Paytm shares fall after hitting upper circuit for fours sessions | India Business News – Times of India


Shares of One97 Communications, the parent company of the Paytm brand, are down about 2% on Thursday.
Paytm shares had witnessed a significant uptick, hitting the upper circuit for the fourth consecutive session on Wednesday. The stock prices soared by 5 per cent to Rs 395.25 and Rs 395.05 on the BSE and NSE, respectively, defying the broader market trends.
This surge comes in the backdrop of the fintech giant‘s recovery from a recent slump, with the Paytm stock rebounding more than 21 per cent from last Thursday’s close.
The bounce-back aligns with reports that the Directorate of Enforcement (ED) has not found significant violations of foreign exchange rules in its ongoing investigation into Paytm Payments Bank Ltd (PPBL), although it noted lapses in the company’s KYC processes and reporting of suspicious transactions.
The scrutiny on Paytm has intensified as the Reserve Bank of India (RBI) ramps up its oversight on fintech firms, reflecting a global trend towards tighter regulation of the sector. Recent actions by the RBI include a directive to halt certain operations of PPBL due to non-compliance issues, affecting One97 Communications despite it holding only a 49 per cent stake in the banking entity.
The RBI’s stringent stance follows a period of relatively lenient regulation, but as fintech firms gain economic significance, concerns over customer due diligence, data privacy, and systemic risks have prompted a reevaluation of oversight mechanisms.
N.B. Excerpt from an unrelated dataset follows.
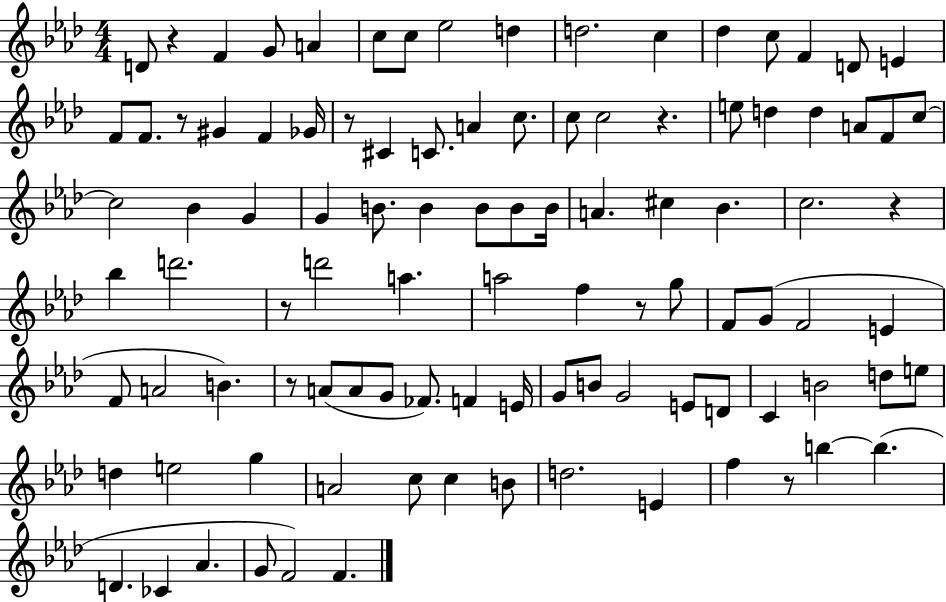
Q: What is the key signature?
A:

The central bank’s discomfort primarily lies with digital customer identification practices, urging firms to classify digitally verified accounts as ‘high risk’ pending more secure verification methods.
In response to these regulatory challenges, the RBI has increased the frequency of inspections and meetings with fintech companies, moving from quarterly to monthly engagements. These steps, coupled with investments in technology and analytical talent, aim to tighten compliance and ensure the integrity of the financial ecosystem.
The evolving regulatory landscape signals a potential shift towards higher compliance and capital requirements for fintech firms, possibly leading to sector consolidation. Yet, industry stakeholders like Ashish Fafadia of Blume Ventures believe this scrutiny will foster compliance and support investment in law-abiding companies.
Amid these developments, the Indian finance ministry plans to convene with domestic fintech startups next week. The goal is to reinforce the importance of regulatory adherence while addressing industry concerns, particularly in the wake of the Paytm Payments Bank crisis and ensuing actions against other fintech operations.
The sector’s ongoing adaptation to these regulatory demands highlights the delicate balance between innovation, customer protection, and systemic stability, setting the stage for the next phase of fintech evolution in India.